I am working on handling things once- especially papers one time. I tend to make piles and go through them without making decisions.
As said I have set a goal for 2020, not a resolution to de clutter. I will not hold on to all this “stuff” any longer. And I will start with just one area, box at a time. But I will overcome this problem!
I am a “want it done right now” kind of girl. I have to focus on decluttering being an ongoing effort that really never ends…and it doesn’t all have to be done at one time.
I get easily overwhelmed with big projects so 15 minutes a day sounds manageable.

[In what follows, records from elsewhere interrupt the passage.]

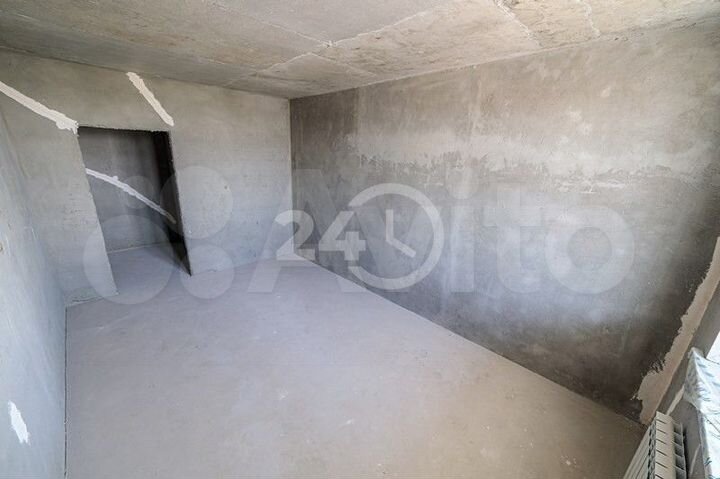 1-к. квартира, 40,4 м², 5/17 эт.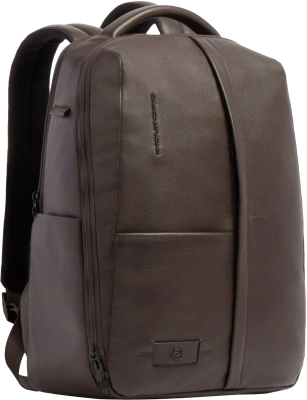 Рюкзак мужской Piquadro Russel CA6767W137/TM темно-коричневый натур.кожа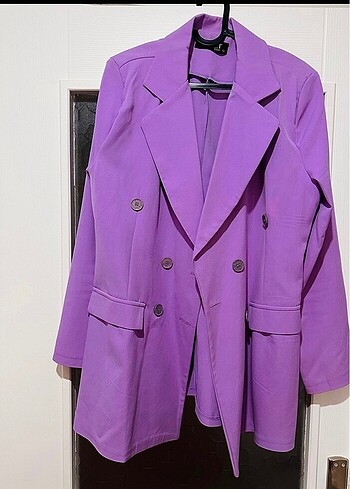 Blazer ceket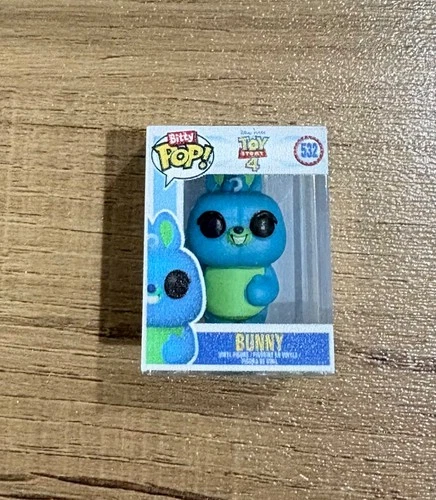 Funko Pop Toy Story Bitty Pop Hyper Rare 1/6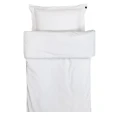 Poszwa na kołdrę, bawełna organiczna perkal 200 tc, Dreamtime 150x210, Oeko-Tex GOTS, White - Himla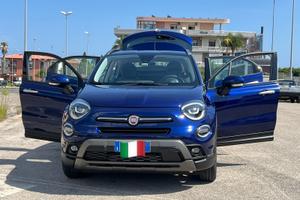 FIAT 500X LOOK CROSS BLU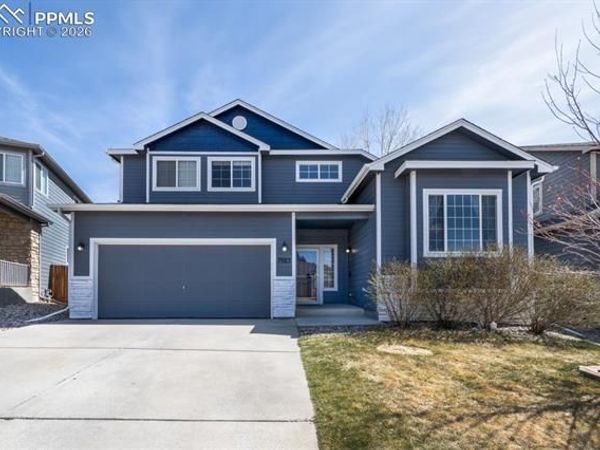7983 Superior Hill Place, Colorado Springs, CO 80908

I just discovered this podcast and your website, thanks. It is hard for me to declutter at all! I have the messiest house, and 2 girls that won’t clean up after themselves (again my fault) and there are 5 of us living in a house. I work full-time outside of the house and take my girls to everything after school with the help of my husband. I do not think I am a Proverbs 31 – I am much more of a Proverbs 71! Now that I have found you and this site, I will try and help me into the next year, I really appreciate this!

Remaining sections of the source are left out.